Your assignment: Return the data exactly, with all pictures removed.
==== Recorded information ====
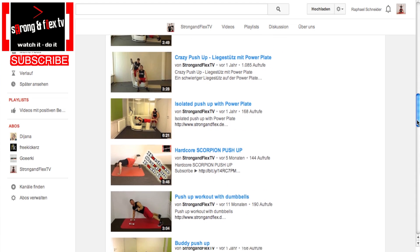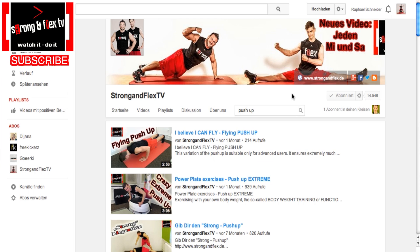Now you can find every video that has something to do with push-ups — simple as that. You can do this with any keyword you want to search for, on every channel. We have a hundred videos already uploaded on our channel, and other channels may have even more, so in this way you can easily find the content you're searching for.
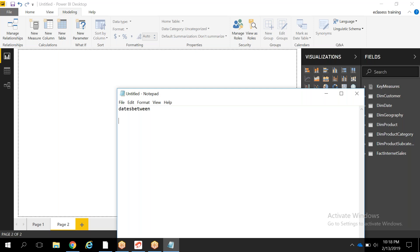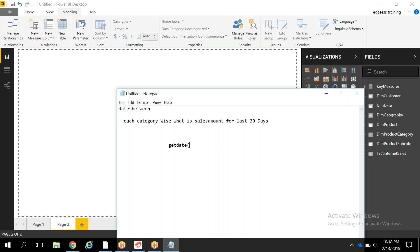A typical requirement would be: I want to find out, each category wise, what is the sales amount for the last 30 days. So from today, if you want to find out the last 30 days, you take TODAY minus 30 days — and whatever sales amount, the sum of sales amount, you want to retrieve.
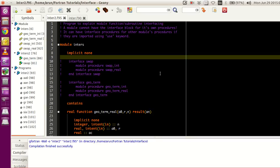Hey guys, welcome to my channel. This series is a series of tutorials on advanced Fortran programming and my name is Arun. In this tutorial, we will be looking at methods to interface procedures, which can be a subroutine or a function, which belongs to modules.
====
Exercise result:
Now you can find every video that has something to do with push-ups — simple as that. You can do this with any keyword you want to search for, on every channel. We have a hundred videos already uploaded on our channel, and other channels may have even more, so in this way you can easily find the content you're searching for.
A typical requirement would be: I want to find out, each category wise, what is the sales amount for the last 30 days. So from today, if you want to find out the last 30 days, you take TODAY minus 30 days — and whatever sales amount, the sum of sales amount, you want to retrieve.
Hey guys, welcome to my channel. This series is a series of tutorials on advanced Fortran programming and my name is Arun. In this tutorial, we will be looking at methods to interface procedures, which can be a subroutine or a function, which belongs to modules.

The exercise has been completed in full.